まぁ、教わる身として、こういうところはしっかりとしていきたい。
「今日は、前回の続きからやっていきましょう」
「そうですねー」
「じゃあ、またわからないことがあったら言ってくださいね」
「了解です」
そう言って、各々自分のペースで進めていく。
俺も蒼井も、とても集中しているのでリビングにはシャープペンのカリカリという音が良く聞こえる。
わからない問題があった時は、まず背伸びをして、もう一度考える。
しかし、やっぱりわからないので、蒼井の顔をじっと見つめる。
すると、蒼井が気づいて「なんでもっと早く言わないんですかっ」と多少怒りながら言われる。
そんな、端から見たら付き合いたてのカップルなんじゃないかと思われるやり取りをしていた。
「もうっ、わからない所があったら言ってくださいっ」
「はーい」
そんなこんなで、ざっと2時間くらいは勉強していただろうか。
しかし、集中力なんてものはそんな長く続かない。
俺はもう限界に来ていた。
ゲーム、漫画を読みたいとか脳内では考えていた。
「すこし休憩にしましょうか」
「へ? いやいや、やりますか」
気を遣わせないように、俺は姿勢を正して、もう一度ノートに向かう。
しかし、頭がパンクする寸前でそのままテーブルに頭を突っ伏した。
「休憩だって大事ですよ?」
「……ははっ、そうですね」
俺は小さく笑いながら、蒼井に言われるままノートを閉じる。
「――――結構進みましたよね?」
「まぁ、そうですね……これも蒼井さんのお陰です」
「そんな、蒼さんが頑張ったからですよ」
そう言いながらも、蒼井はどこか嬉しそうに見える。
見えるだけで、本人が本当にそう思っているかは知らない。
「蒼井さん……疲れてないですか?」
ふと、母さんの蒼井をよろしくねという言葉が頭に浮かんだ。
それとなく、蒼井に体調などを聞いてはいる。
しかし――――
「大丈夫ですよ、体力はある方ですから」
大体こんな感じの言葉を言われて、流される。
絶対に無理してるでしょって時も同じだ。
「本当に、何でも言ってくださいね? たくさんしてもらっているので、そろそろ恩を返さないと……」
「私の方こそ、もっと頑張らないといけませんよね……すみません」
「いやっ! これ以上頑張らないでください」
「でも、私が今ここで生活できているのは……」
蒼井はそう言って、言葉に詰まる。
とても悲しそうな表情をする。
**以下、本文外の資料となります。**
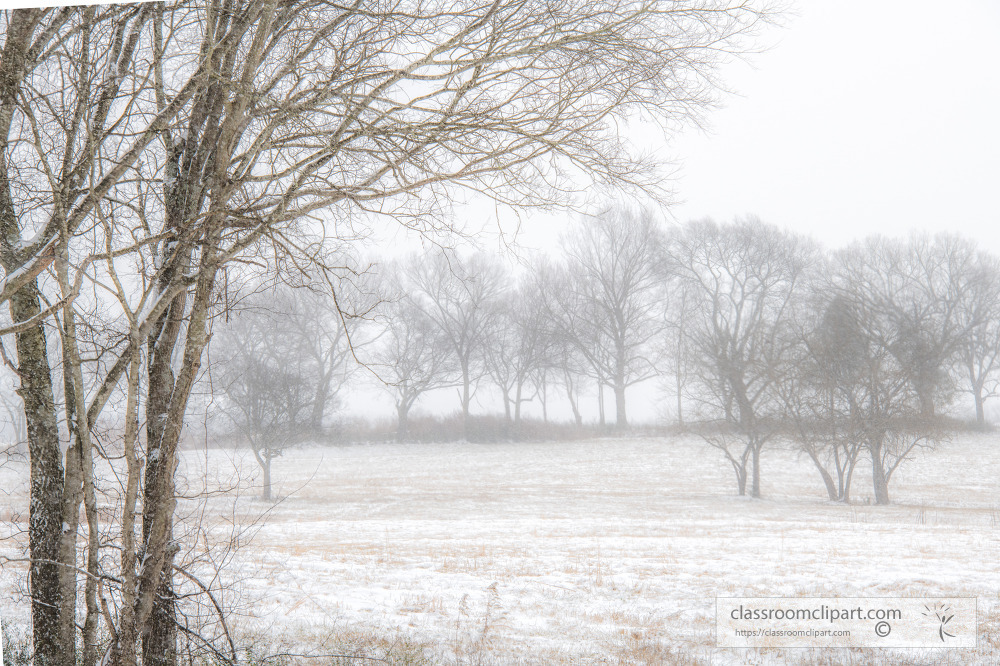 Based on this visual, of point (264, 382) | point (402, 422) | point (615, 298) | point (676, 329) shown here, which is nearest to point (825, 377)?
point (676, 329)

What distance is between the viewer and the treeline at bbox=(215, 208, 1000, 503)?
18.5 ft

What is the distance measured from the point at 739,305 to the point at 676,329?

触れたら壊れてしましそうな、これ以上近づいたら、離れて行ってしまいそうな、そんな感じの表情だ。
「それでも、疲れたときはちゃんと休んだ方がいいです」
「はい……」
自分でもわかっているが、気持ちが休ませてくれないんだろう。
俺は蒼井の体調が壊れないか、心配だった。
「それじゃあ……再開しましょうか」
「そう……ですね」
「もうすこし、休憩がほしいですか?」
「いやぁ……いきますか……」
俺は重くなってしまった腰を頑張って持ち上げる。
リビングのテーブルにもう一度向かい合って座り、勉強を再開する。
「あ、明日は雨みたいですね」
「うわ、傘持って行かなくちゃいけない」
「朝降っていないからって、持って行かないのはなしですよ?」
「はい……ちゃんと持っていきます」
そんなやり取りをしつつ、勉強を進めていき、気づけば10時を過ぎそうだったので、続きは明日にすることにした。
外はぽつりぽつりと雨が降り始めた。